Ekkeland Götze is a German painter, printmaker and conceptual artist. After a training as a screen printer he educated himself as an industrial engineer through a correspondence course. Götze painted in his spare time, but he was not allowed to exhibit because of regulations in East Germany - formally he was a printmaker, not a painter. Because of these restrictions he filed an application for an exit permit 1985 which was granted in 1988. In 1989 Götze started to work on a project called "Erde" ("Earth"). He collects soil samples at extraordinary sites of human history around the world and applies them to paper, lime mortar or other backgrounds, making use of a standardized, self-developed technique he calls "terragraphy": He grinds the soil, mixes it with a binder and then applies it making use of a technique similar to screen printing. All backgrounds are square and of identical size. For each site the resulting works of art are given an individual name that reflects the importance of the site. According to Götze, the pictures capture th "spirit and energy" of the place where the soil was gathered. Götze runs a studio in Sendling. He is a member of the Neue Gruppe, an association of Munich artists regularly exhibiting at the Haus der Kunst museum. In 2018 Götze has been awarded the Seerosenpreis, a yearly award assigned to visual artists by the city of Munich.

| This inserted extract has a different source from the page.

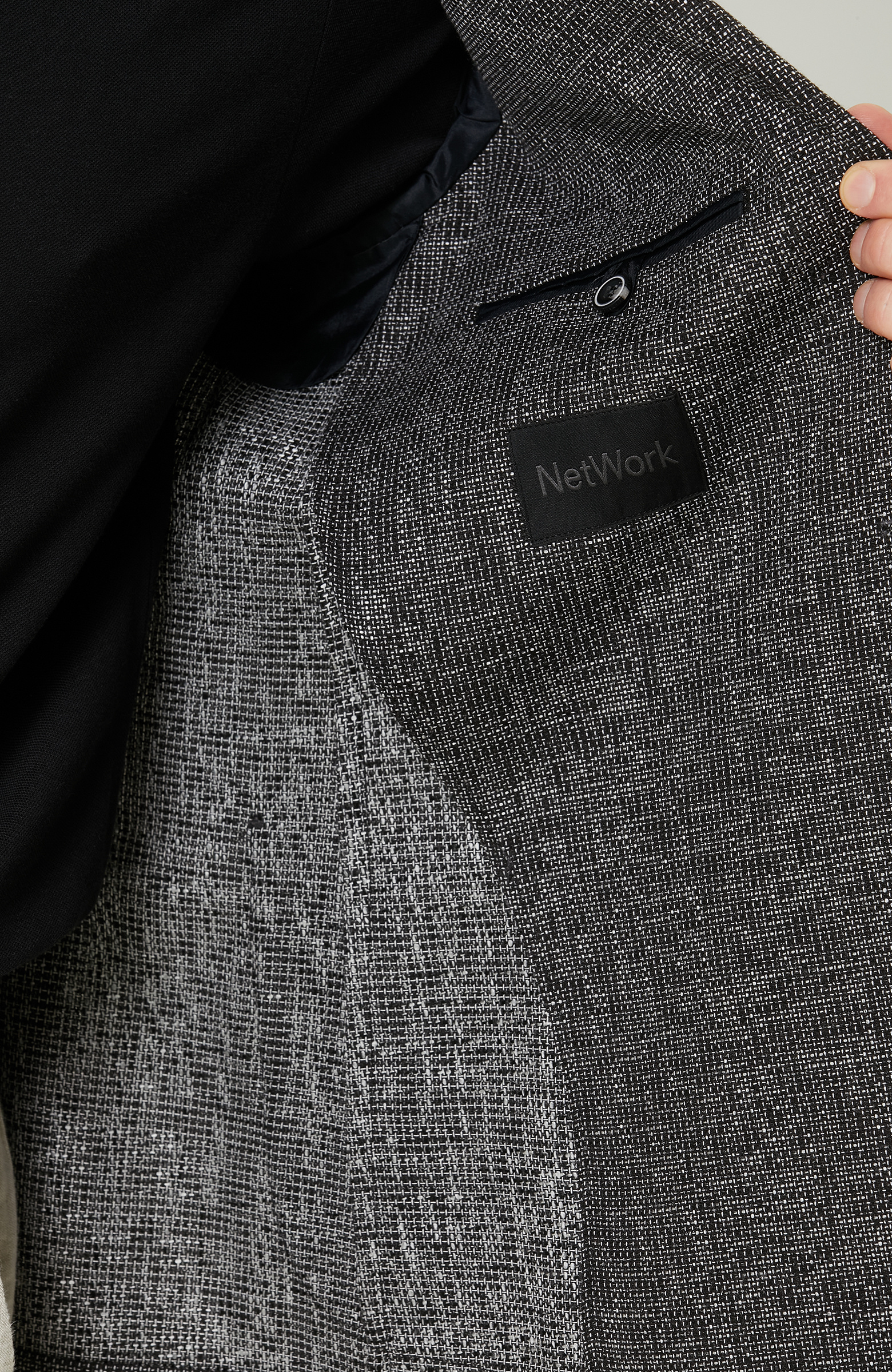 Mono Yaka Siyah Uzun Kollu Ceket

Marcia Jean Hafif was an American artist known for her contributions to the Minimalist and Conceptual art movements. She began her artistic career in the 1950s, exploring various mediums and styles before finding her distinctive voice.
Hafif's work often focused on the exploration of color, light, and the essence of materials. She was particularly interested in the interplay between perception, process, and the physicality of paint. In the 1970s, Hafif embarked on her groundbreaking series titled "The Inventory," where she meticulously painted a series of monochromatic works, each dedicated to exploring a specific color. These paintings emphasized the qualities and variations of a single hue, challenging traditional notions of representation and expanding the possibilities of color as a subject matter.
Later in her career, Hafif extended her exploration of color to include a broader range of media, such as photography, film, sound, text, installation, and printmaking. She continued to push boundaries and experiment with different materials and processes, always striving to deepen her understanding of color's impact on perception and experience.


Peter Halley is an American artist and a central figure in the Neo-Conceptualist movement of the 1980s. Known for his Day-Glo geometric paintings, Halley is also a writer, the former publisher of index Magazine, and a teacher; he served as director of graduate studies in painting and printmaking at the Yale University School of Art from 2002 to 2011. Halley lives and works in New York City.


Richard Art Hambleton was a Canadian artist known for his work as a street artist.He was a surviving member of a group that emerged from the New York City art scene during the booming art market of the 1980s, which also included Keith Haring and Jean-Michel Basquiat. While often associated with graffiti art, Hambleton considered himself a conceptual artist who made both public art and gallery works.